Cyprus, divided into ethnic Greek and Turkish zones since a 1974 invasion by Turkish troops, was admitted to the E.U. in 2004. Turkey refuses to deal with the Greek zone, which is administered by the island's internationally recognized government. Meanwhile, the Turkish zone, recognized only by Turkey, has been subjected to a widespread diplomatic and economic boycott.

When it came to terrorism, Bush and Erdogan did not explicitly mention the simmering tension caused by a paramilitary group that has been battling to establish an autonomous Kurdish region near the intersection of Turkey, Iraq and Iran for more than two decades. Fighters for the Kurdistan Workers' Party often cross into Turkey from northern Iraq to launch terrorist attacks, causing Turkey to complain that the United States should do more to clamp down on the group.

The United States has pledged its support in cracking down on the rebel group, but officials worry that a military offensive would alienate Iraqi Kurds, the group most supportive of the U.S. presence in Iraq. The United States and Turkey have designated envoys to work on a plan to resolve the situation, and in the interview, Erdogan said he is willing to let that process play itself out.

In his statements after his meeting with Bush and in the interview, Erdogan said he is committed to battling terrorism. But he scolded those who link the Muslim religion to the terrorism of al-Qaeda and other extremists who perpetrate violence in the name of Islam.

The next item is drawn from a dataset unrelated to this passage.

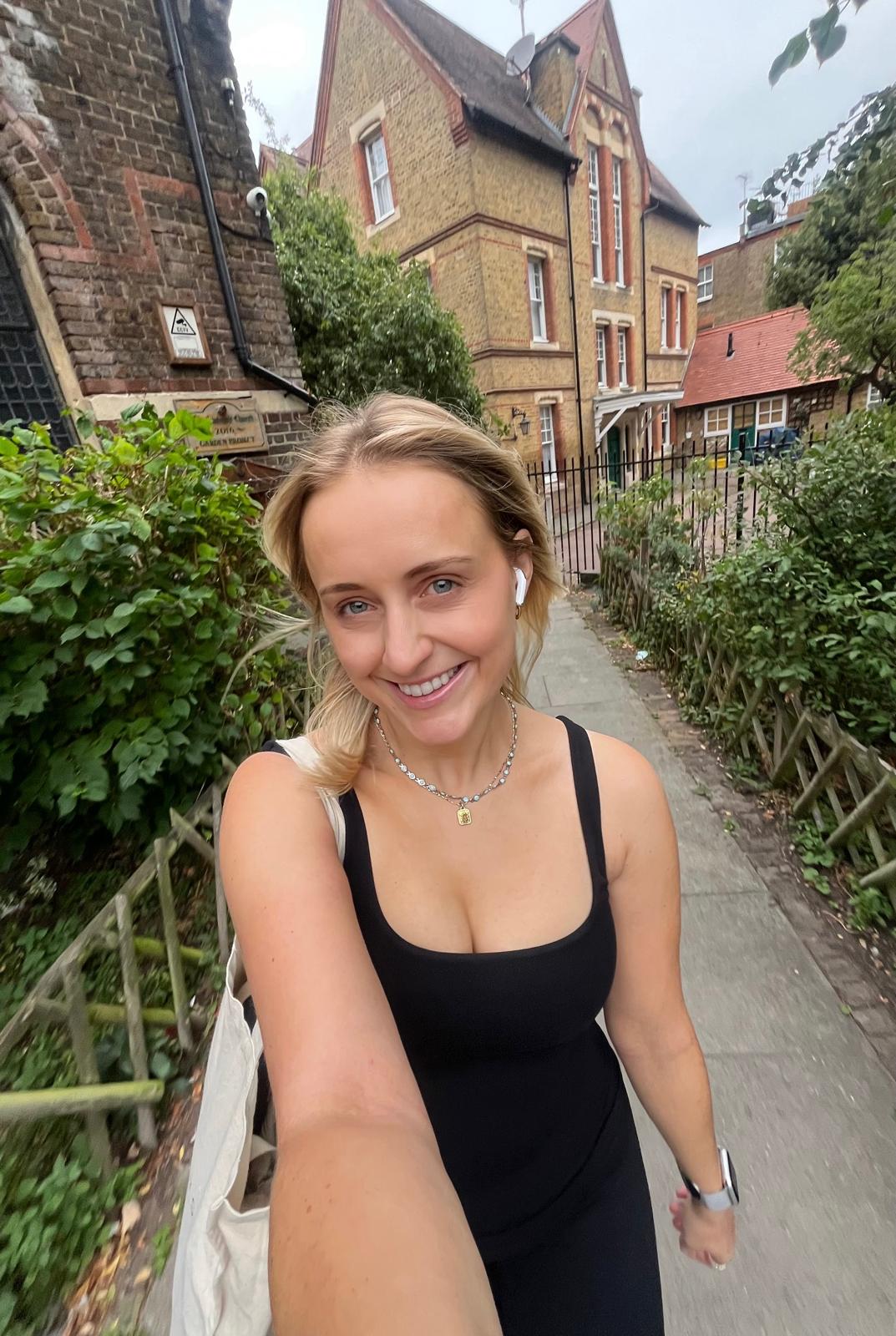 Becky Yates qualified Pilates instructor based in Fulham London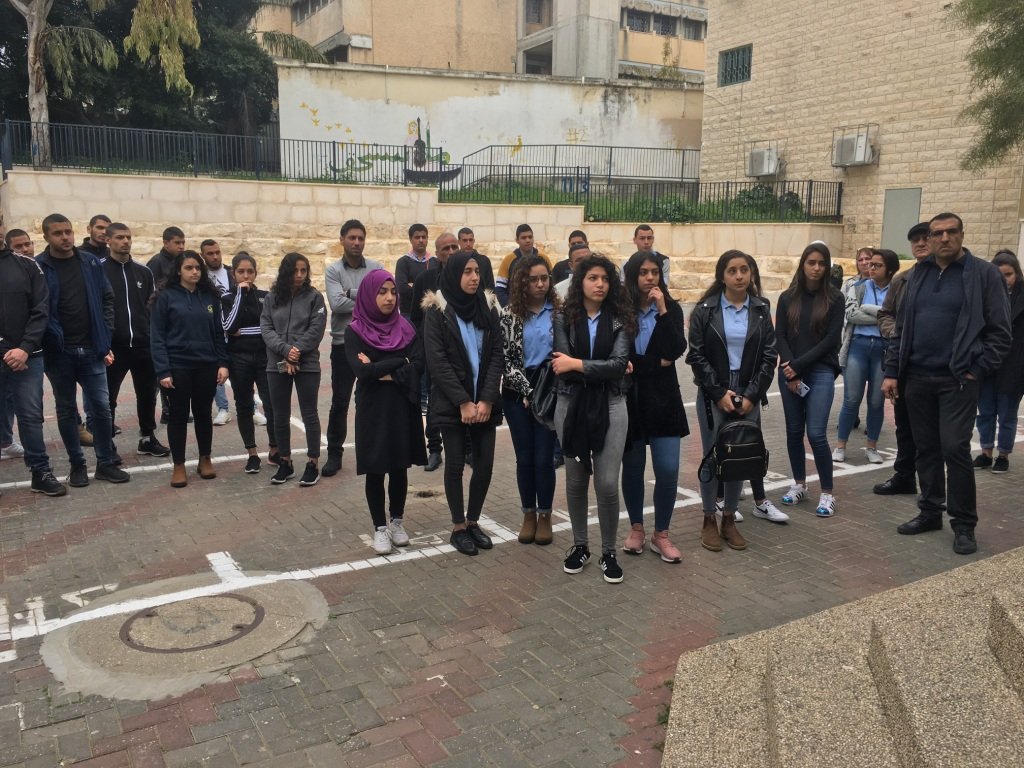 برنامج خاص في وداع المدير والمربي د. عفو خليلية بمدرسة يافة الناصرة الثانوية -12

"The coinage of such terms as 'Islamic terrorism' or 'Islamo-fascism,' these have injured the Muslim people in the world, and it is best to avoid such characterizations," Erdogan said.

Asked whether he planned to communicate that to Bush, who frequently invokes such phrases in speeches, he said he has in the past. "In the same way as we consider anti-Semitism a crime against humanity," he said, "Islamo-phobia is also a crime against humanity."